I’m not a natural cook – as in: I don’t gravitate towards the kitchen to cook things. If anything, I’m a gleeful baker. I can mix things up, pour it in a pan and set a timer. Sometimes I experiment with making candy and using a thermometer. It requires diligence, but the risk of overcooking by even a degree is fun on some weird geek-in-the-kitchen level.
I’m dead set against processed foods, though. I want whole foods in my diet, preferably local (supporting local communities and economies with my food dollar). And, even though Mr. Old Fashioned is an excellent cook and shoulders that responsibility 99% of the time, I’m feeling the need to learn how to prepare whole foods myself.
It may not have been instinctual for me to dive into the world of cooking at a young age, but it’s certainly instinctual now.
I sense that the magic that happens in the kitchen should be my magic, too. I don’t have to just stare in awe at folks who can julienne carrots and pulls inside bits out of chickens.
I can learn this business myself.
To me (a novice,) the most important part of the whole learning process is either an excellent reference material or a seasoned mentor. With the help of my family and loved ones, I know I can pick up new, basic skills in the kitchen simply from spending time with them and helping them prepare meals. That’s the stress-free part of home economics – combining learning and quality time with your favorite people.
But when it comes to reference material, it serves to be picky.
What am I looking for in a reference material? A cookbook.
And what am I looking for in a cookbook?
1. I want my cookbook to be built around vegetables and fruits. For example, I want my table of contents to list individual food items (i.e. “Broccoli,” “Carrots”), so when I pick up produce from farm stands or the food co-op, I can cook up meals based on what vegetables are fruits are in season.

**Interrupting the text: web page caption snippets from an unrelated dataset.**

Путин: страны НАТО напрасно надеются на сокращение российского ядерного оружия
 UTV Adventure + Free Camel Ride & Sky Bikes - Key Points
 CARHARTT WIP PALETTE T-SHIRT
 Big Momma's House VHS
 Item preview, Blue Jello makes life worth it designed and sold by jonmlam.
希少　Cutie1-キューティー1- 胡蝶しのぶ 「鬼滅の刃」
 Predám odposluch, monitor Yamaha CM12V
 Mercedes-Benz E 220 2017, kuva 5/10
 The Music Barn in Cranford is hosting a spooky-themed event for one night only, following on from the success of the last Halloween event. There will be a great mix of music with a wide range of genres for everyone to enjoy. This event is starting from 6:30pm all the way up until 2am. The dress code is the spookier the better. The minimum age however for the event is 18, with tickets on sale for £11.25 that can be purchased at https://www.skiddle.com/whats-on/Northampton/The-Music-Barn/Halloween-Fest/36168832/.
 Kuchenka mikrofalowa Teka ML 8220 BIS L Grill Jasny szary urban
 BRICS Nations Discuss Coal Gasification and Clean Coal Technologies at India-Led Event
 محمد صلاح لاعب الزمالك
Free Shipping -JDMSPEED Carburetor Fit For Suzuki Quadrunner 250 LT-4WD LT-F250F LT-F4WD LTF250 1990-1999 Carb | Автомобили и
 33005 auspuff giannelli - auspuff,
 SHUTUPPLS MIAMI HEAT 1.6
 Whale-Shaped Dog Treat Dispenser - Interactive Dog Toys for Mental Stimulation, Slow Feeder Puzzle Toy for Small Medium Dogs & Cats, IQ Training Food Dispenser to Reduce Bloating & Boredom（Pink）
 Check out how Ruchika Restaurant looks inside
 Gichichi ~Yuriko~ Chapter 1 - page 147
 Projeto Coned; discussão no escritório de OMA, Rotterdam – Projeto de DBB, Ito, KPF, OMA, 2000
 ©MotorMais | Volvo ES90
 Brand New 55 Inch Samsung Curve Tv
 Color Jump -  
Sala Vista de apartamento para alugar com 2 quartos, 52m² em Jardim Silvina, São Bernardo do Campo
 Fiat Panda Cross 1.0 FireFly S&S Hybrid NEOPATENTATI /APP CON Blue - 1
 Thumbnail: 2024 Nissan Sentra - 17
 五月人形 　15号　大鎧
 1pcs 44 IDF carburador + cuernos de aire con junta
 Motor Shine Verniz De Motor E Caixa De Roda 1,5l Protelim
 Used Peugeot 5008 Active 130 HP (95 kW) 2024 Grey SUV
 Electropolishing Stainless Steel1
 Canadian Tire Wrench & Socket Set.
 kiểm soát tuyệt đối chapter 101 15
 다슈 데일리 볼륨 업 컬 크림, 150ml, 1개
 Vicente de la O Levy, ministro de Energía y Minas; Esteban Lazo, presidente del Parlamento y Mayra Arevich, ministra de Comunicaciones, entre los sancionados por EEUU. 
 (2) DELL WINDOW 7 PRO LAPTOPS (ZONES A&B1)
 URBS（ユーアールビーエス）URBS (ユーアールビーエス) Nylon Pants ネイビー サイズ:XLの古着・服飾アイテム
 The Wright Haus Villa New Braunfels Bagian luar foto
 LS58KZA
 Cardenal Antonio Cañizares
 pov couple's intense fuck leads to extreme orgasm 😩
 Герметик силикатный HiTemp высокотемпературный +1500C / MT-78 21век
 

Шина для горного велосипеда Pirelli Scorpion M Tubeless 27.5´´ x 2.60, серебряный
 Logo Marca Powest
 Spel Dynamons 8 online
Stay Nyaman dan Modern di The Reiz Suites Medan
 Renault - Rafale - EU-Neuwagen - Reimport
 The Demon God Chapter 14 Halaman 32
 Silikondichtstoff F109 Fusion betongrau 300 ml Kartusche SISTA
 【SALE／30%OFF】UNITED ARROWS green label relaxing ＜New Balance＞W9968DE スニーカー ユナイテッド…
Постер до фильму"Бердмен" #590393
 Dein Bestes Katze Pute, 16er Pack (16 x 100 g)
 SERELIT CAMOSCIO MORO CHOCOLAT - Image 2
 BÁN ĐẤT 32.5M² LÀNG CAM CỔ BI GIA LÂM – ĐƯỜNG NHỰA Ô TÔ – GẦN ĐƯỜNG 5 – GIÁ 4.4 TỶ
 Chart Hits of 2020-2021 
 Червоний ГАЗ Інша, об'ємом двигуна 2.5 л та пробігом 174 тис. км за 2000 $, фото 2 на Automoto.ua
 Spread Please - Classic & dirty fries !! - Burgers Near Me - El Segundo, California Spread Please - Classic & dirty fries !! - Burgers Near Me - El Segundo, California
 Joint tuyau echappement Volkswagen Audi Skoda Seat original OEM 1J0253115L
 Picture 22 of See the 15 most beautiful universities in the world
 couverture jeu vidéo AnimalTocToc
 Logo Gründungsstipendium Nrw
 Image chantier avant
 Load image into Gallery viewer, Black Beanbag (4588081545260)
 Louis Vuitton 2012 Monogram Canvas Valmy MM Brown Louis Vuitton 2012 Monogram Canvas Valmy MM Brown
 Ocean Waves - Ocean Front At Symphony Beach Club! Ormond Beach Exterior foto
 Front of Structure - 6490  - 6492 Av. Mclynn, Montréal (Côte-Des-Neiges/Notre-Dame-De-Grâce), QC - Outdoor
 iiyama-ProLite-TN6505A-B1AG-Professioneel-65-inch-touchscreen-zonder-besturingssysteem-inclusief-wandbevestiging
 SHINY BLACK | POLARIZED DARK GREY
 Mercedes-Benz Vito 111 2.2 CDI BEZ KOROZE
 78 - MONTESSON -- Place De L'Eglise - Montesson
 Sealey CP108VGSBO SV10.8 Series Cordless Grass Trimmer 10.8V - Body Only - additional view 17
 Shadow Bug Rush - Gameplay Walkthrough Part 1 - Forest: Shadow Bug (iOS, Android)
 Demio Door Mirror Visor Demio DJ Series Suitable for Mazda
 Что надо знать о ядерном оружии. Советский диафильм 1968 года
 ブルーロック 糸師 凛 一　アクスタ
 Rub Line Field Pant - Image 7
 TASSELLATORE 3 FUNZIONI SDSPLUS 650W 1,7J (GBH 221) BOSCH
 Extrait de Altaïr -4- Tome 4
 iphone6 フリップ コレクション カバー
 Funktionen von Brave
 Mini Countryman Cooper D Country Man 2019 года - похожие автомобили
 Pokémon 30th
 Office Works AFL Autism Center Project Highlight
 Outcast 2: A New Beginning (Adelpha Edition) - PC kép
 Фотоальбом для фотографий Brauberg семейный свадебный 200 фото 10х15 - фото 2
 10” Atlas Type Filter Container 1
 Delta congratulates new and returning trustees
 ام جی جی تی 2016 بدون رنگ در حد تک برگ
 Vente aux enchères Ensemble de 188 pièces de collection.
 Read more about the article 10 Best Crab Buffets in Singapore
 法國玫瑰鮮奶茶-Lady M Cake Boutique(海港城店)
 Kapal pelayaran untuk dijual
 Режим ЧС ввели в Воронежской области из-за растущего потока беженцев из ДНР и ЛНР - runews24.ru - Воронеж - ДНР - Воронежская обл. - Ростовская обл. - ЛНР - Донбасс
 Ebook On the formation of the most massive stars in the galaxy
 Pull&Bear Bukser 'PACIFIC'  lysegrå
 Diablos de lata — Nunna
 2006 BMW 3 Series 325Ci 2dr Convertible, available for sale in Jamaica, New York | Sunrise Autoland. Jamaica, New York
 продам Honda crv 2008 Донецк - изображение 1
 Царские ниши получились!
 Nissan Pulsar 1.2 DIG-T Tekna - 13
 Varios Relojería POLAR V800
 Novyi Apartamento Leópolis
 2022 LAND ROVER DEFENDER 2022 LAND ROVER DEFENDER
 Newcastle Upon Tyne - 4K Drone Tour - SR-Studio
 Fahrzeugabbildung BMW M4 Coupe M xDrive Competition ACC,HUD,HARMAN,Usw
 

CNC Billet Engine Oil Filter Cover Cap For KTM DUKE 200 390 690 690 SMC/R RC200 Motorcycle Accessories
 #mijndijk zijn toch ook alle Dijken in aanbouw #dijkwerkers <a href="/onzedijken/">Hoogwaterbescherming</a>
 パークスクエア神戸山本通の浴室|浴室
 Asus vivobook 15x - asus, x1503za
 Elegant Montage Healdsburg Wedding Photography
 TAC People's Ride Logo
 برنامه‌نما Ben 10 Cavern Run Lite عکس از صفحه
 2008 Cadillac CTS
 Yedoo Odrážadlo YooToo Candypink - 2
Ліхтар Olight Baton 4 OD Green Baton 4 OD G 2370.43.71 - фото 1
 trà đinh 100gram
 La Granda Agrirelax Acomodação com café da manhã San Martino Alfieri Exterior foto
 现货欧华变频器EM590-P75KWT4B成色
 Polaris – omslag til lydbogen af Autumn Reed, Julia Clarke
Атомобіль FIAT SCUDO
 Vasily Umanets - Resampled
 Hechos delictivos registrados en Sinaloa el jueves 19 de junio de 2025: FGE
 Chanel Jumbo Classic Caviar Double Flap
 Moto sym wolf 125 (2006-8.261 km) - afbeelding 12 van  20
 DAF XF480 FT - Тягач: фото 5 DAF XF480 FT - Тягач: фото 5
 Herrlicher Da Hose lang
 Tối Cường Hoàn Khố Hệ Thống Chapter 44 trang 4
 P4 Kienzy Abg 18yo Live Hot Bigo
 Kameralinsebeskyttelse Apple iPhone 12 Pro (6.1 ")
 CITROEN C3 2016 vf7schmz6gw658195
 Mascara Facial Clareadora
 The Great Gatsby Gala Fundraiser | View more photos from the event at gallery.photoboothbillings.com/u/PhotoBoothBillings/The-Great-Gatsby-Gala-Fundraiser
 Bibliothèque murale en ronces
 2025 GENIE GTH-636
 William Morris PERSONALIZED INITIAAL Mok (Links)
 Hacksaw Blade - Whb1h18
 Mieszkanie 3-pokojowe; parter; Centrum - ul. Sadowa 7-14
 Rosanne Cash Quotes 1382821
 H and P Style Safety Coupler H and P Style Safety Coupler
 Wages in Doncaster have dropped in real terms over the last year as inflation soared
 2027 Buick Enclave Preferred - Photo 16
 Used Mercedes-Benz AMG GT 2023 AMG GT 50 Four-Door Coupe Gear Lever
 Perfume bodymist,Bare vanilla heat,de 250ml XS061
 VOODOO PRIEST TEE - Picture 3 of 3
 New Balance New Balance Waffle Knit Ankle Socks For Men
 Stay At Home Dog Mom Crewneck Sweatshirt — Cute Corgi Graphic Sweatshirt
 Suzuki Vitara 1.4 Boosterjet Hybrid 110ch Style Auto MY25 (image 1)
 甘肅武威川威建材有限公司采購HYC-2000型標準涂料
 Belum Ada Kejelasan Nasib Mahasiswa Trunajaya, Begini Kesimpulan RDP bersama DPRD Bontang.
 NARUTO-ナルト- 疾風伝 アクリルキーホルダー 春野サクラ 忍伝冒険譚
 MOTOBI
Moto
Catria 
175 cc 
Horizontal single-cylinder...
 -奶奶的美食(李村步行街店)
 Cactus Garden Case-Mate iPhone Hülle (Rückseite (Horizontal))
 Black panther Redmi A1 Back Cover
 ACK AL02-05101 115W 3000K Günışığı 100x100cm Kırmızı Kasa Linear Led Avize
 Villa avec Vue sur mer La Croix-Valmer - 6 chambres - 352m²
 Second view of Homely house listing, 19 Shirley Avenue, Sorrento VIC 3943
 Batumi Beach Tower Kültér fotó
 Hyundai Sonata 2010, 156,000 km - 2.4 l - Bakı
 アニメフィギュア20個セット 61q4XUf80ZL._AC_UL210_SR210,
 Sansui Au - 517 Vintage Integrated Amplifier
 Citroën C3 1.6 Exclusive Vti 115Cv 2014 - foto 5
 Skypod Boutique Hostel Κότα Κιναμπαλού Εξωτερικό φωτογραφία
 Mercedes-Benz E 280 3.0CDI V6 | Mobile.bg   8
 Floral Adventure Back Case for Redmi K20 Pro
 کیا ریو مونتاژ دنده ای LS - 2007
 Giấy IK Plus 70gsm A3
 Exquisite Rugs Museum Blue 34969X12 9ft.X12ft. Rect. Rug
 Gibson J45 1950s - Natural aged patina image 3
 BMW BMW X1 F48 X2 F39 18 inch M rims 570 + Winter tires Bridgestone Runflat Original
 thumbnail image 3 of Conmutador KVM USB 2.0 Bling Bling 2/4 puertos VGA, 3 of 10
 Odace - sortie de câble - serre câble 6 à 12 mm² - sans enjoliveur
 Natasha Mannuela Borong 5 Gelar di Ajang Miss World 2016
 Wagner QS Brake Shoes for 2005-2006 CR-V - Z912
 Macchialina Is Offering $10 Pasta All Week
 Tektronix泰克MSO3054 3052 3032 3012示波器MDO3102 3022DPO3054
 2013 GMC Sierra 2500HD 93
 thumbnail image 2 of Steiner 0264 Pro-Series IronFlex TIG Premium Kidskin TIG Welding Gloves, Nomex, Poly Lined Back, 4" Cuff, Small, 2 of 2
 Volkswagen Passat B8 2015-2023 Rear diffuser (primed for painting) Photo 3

2. The recipes need to be simple. Very simple. When I search inside books on Amazon (or other sites, if they have that fancy function), I pick apart the available recipes and make sure that they aren’t chock-full of ingredients that are hard for me to come by (in super-northern Maine/St. John Valley, exotic ingredients are probably only available online). Thus, if there are any outlier ingredients, I know it’s not my style.
3. I’ll also focus on how many winter-veggie-friendly recipes are in any particular cookbook. I obviously live in a climate zone that provides an abundance of hearty root vegetables and I want a cookbook that provides a wide variety of recipes using those ingredients.
4. Personally, I don’t go for cookbooks that list processed foods as ingredients, such as “Bisquick” as an ingredient or “Velveeta.”
Considering all of these things, these two cookbooks looked up my alley:
Earth To Table – Michael Pollan recommended it and I recommend Michael Pollan (so it seems like a natural thing to believe his suggestions). Also, a customer review said it was “good for those with winter.” (Enough said.)
The Farmer’s Kitchen – It appears to contain good information on produce, including descriptions, methods of preservation, and various preparation terms. It also boasts a load of recipes, many of which seem easy (and require few ingredients).
These two cookbooks will soon be in my kitchen and, as fresh food from Maine farms piles up on my countertop, I’ll learn a basic skill that doubles as an art form.
Happy cooking, kitchen Picassos (or, in my case, Pollacks!).